As the poverty-stricken country's former colonial master led the military effort to restore order after a year of chaos, Washington said it was offering to fly in African peacekeepers.

The French deaths came moments after Paris announced Monday that the capital Bangui had been largely purged of marauding armed groups.

The two paratroopers were fatally wounded while conducting a night patrol in Bangui, the first casualties since France's 1,600-strong contingent deployed last week.

"They lost their lives to save many others," said Hollande, who is to stop in Bangui on his way back from South Africa, where he attended a memorial honoring Nelson Mandela.

A year to the day after Seleka -- a motley coalition of Muslim rebels and foreign warlords -- took up arms, Hollande was to hold talks with their leader turned president, Michel Djotodia.
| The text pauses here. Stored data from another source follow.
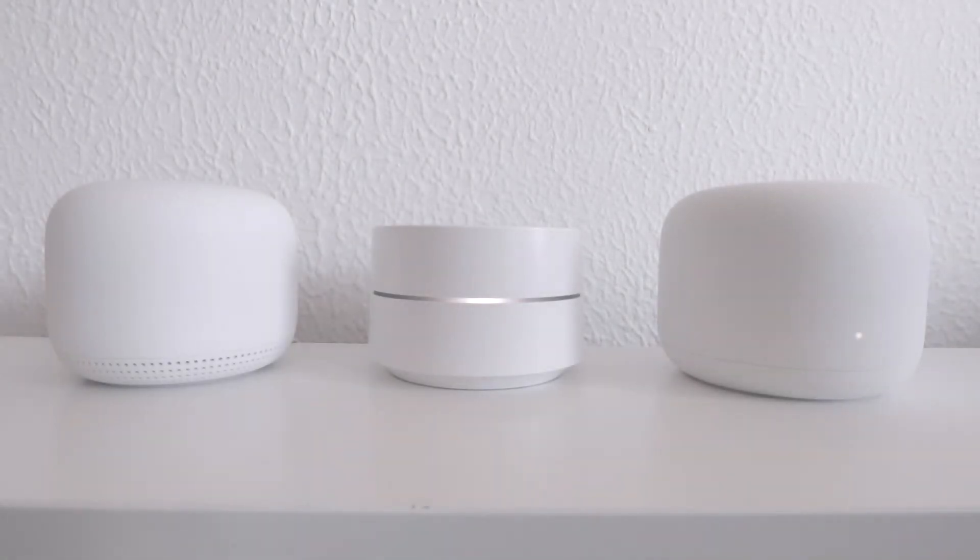This is the 10th video in our series looking at how to set up and configure a Google Nest Wi-Fi mesh network. Just like any other electronic device that remains constantly powered on, a Google Nest Wi-Fi point can sometimes benefit from a restart.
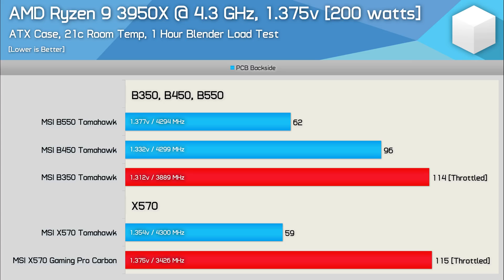Here's our most extreme stress test: the 3950X overclocked to 4.3GHz using 1.375 volts. Unsurprisingly, the B350 Tomahawk failed this test as it began intermittently throttling the 3950X down to 500MHz for a breather before cranking it back up, only to repeat the process moments later. By the end of the hour, we ended up with an average clock frequency of 3,889MHz, and the board did run for 11 minutes before it began to throttle. The X570 Gaming Pro Carbon also failed, but it took just 4 minutes to hit its thermal threshold, ending up with an average operating frequency of just 3,426MHz — a truly dismal result for an expensive X570 motherboard.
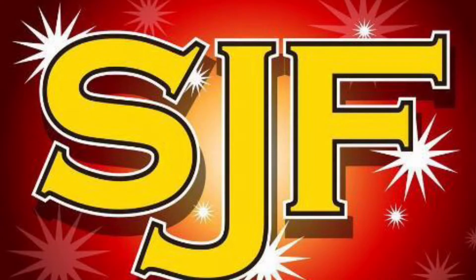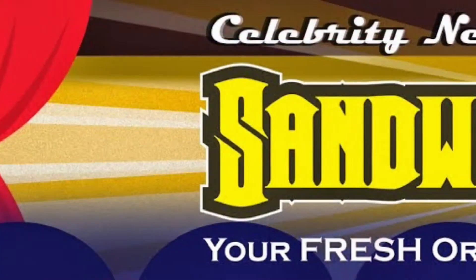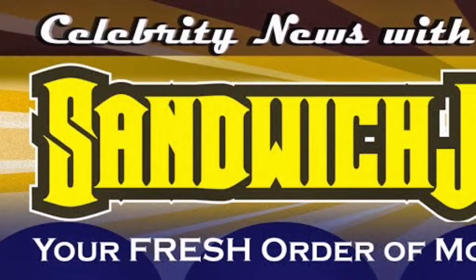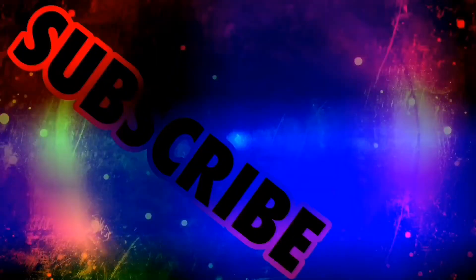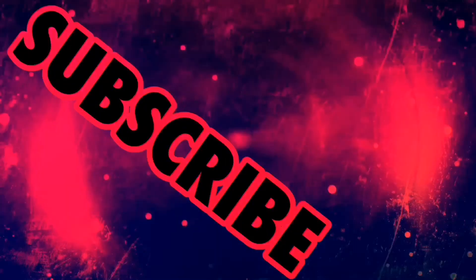Do not forget to go over to Sandwich on Films on how you guys can see films early and get into movie giveaways — yes, movie giveaways. That's gonna be it for me, so thank you guys so much for watching, and until next time, stay classy. We'll see you next time.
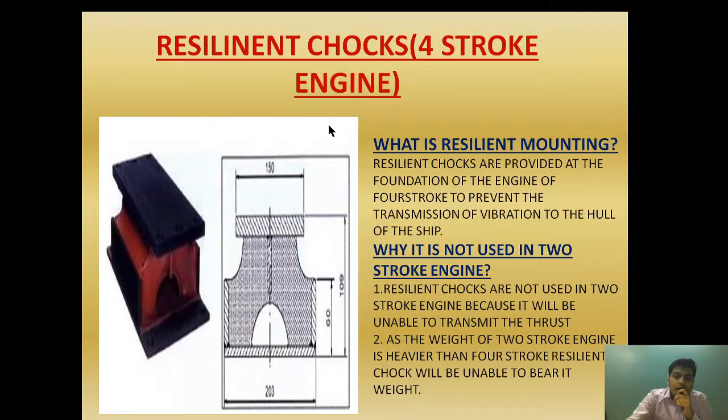What are the resilient chokes and why are they not used in the two-stroke engine? These two questions are asked in AMU class 4 and class 2. Let's see the diagram. This is the resilient choke, which is fitted in the foundation of the four-stroke engine — basically in a generator. Resilient chokes are provided at the foundation of the engine of a four-stroke to prevent the transmission of vibration to the hull of the ship. During the power development of a four-stroke, vibration is induced and this vibration is not required to be transferred to the hull of the ship. To prevent that, these resilient chokes are fitted on the foundation of the engine.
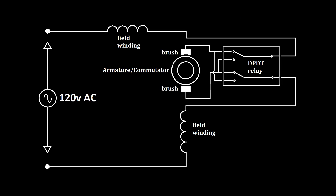I set this motor up to be able to go in reverse direction. For informational purposes only, this is the way I wired it up.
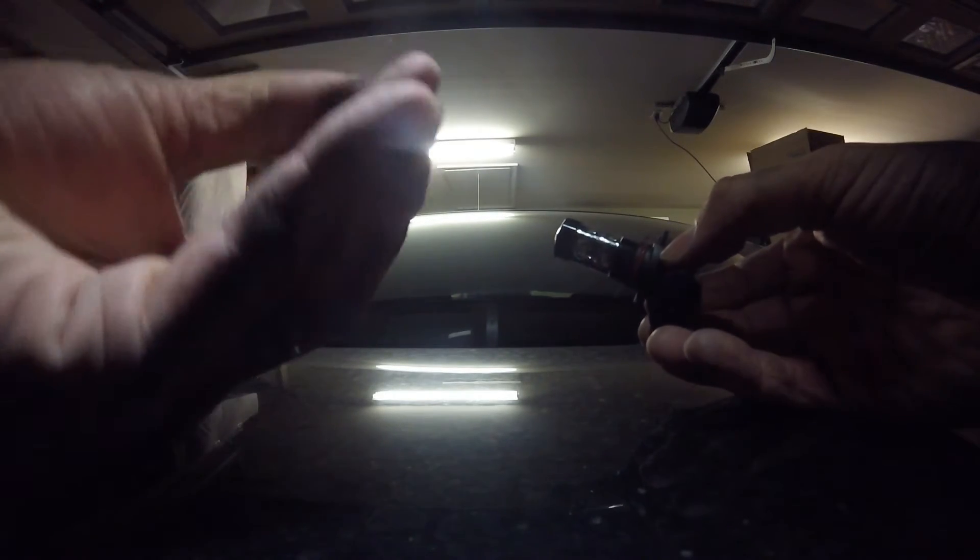This is the old — I don't know what Silver Star this is — and the new LED.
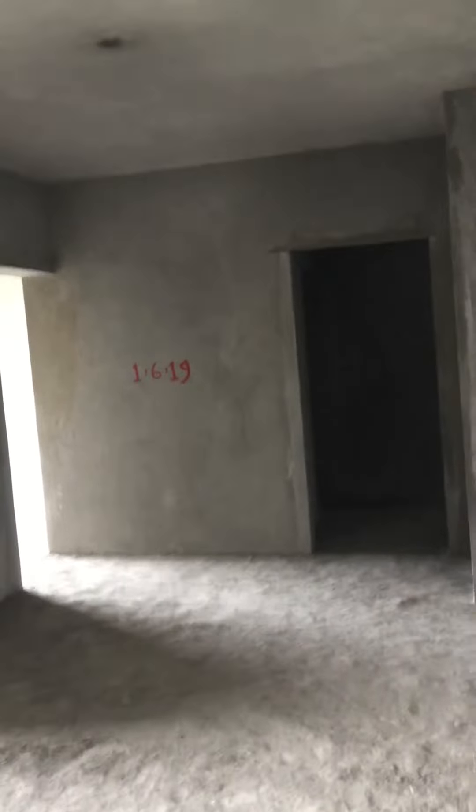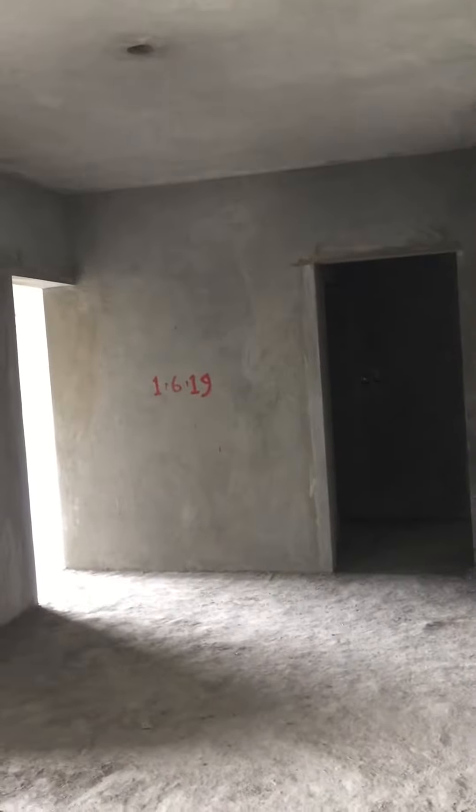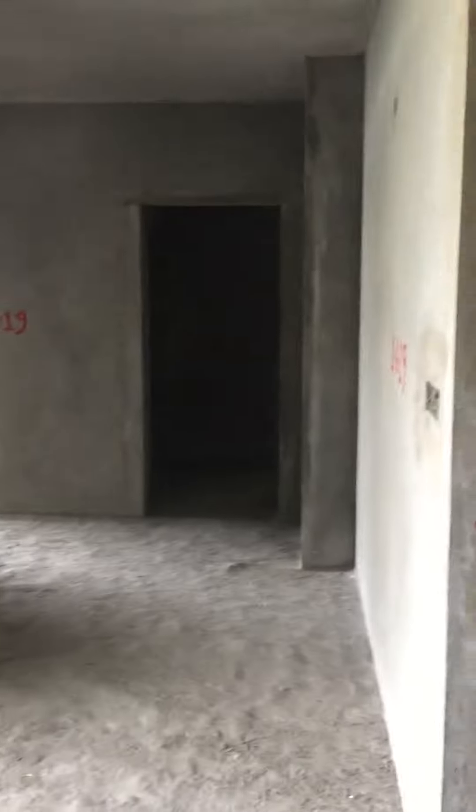We are putting the date also — date of plaster. After plaster, 7 days curing is there. That's why we are putting the date.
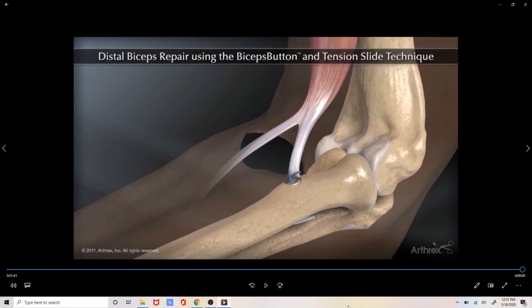I would like to thank Arthrex for providing the implants necessary to perform a distal biceps tendon repair, and also for providing the surgical animation necessary to review this video with you. I hope this video has helped you to better understand distal biceps tendon repairs. Have a great day.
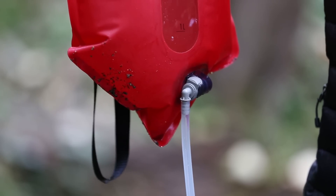We recommend back flushing your Autoflow filter every 8 liters, or more frequently if you're filtering cloudy or tea-colored water. To learn more about the Autoflow microfilter, visit MSRgear.com.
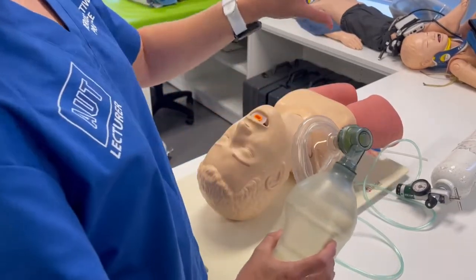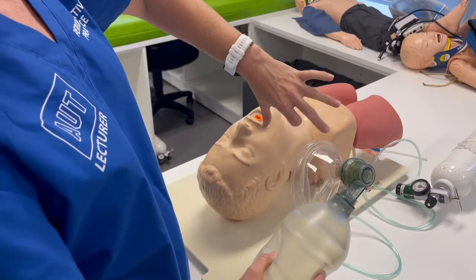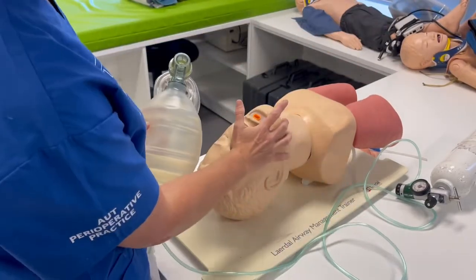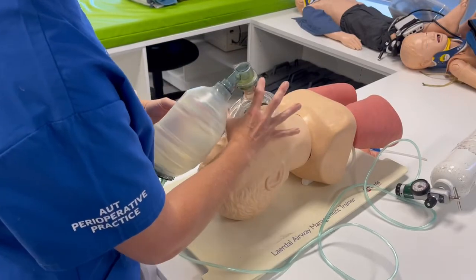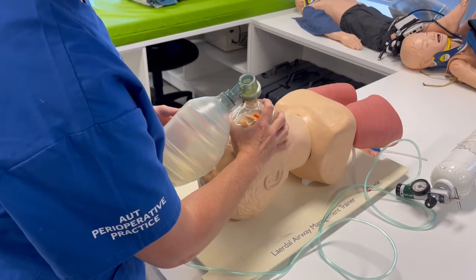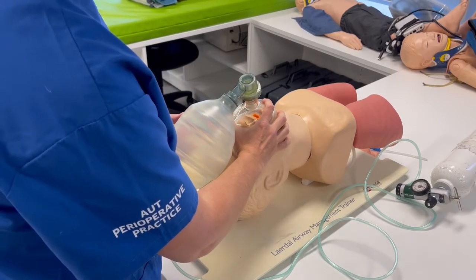With a C-E grip, hold the mask with the C formed by your hand, and then the E of your fingers lines up along the angle of the jaw. The C goes around the mask, and your fingers go along the jaw — not the soft tissue.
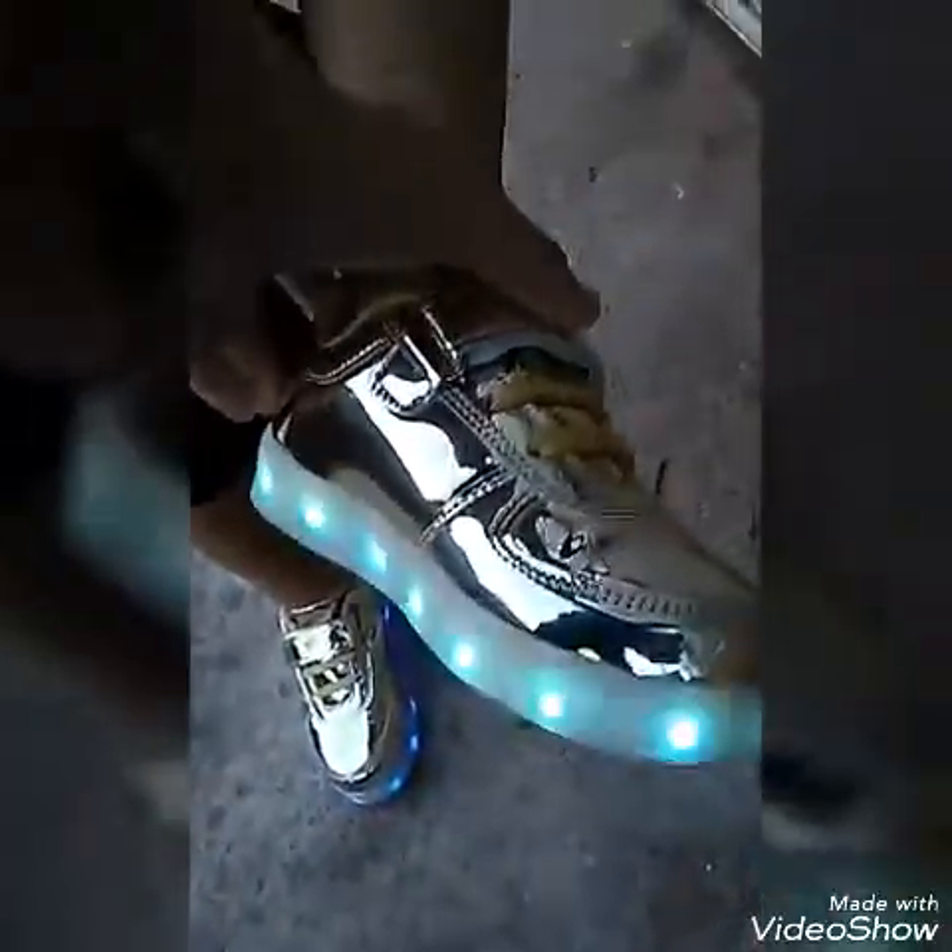My baby brother got new shoes — show your shoes! They light up, they glow in one color then turn into another color. See, they turn into different colors. Yeah, he got new shoes yesterday.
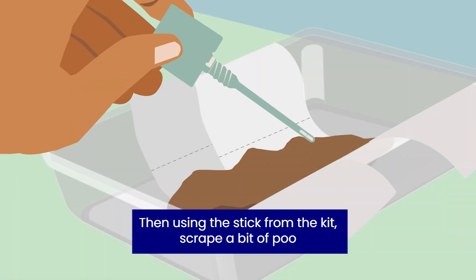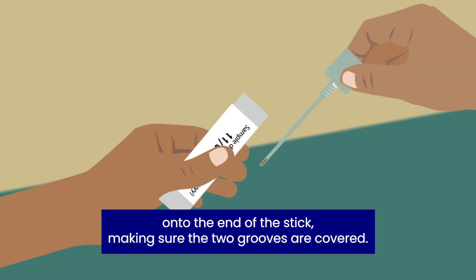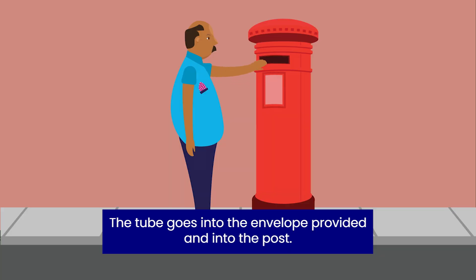Then, using the stick from the kit, scrape a bit of poo onto the end of the stick, making sure the two grooves are covered. Put the stick back into the tube and twist it to close. The tube goes into the envelope provided and into the post.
He was also due to meet Prime Minister Nicolas Tiangaye and deliver a message of encouragement to his troops, a source at the French presidency said.

Among the leaders gathered in Soweto to celebrate Mandela's life was U.S. President Barack Obama, who on Monday urged the transitional Central African government "to arrest those who are committing crimes."

The US also said its military would provide C-17 Globemaster transport aircraft to fly African Union peacekeeping troops from Burundi to the Central African Republic.

They will add to 2,500 African Union peacekeeping troops already on the ground as part of the MISCA force.

The French forces had deployed in the wake of days of horrendous fighting in Bangui in which nearly 400 people were killed. The stench of dead bodies still permeates some areas of the capital.

Most of the clashes were between Christian and Muslim militias armed with guns and machetes.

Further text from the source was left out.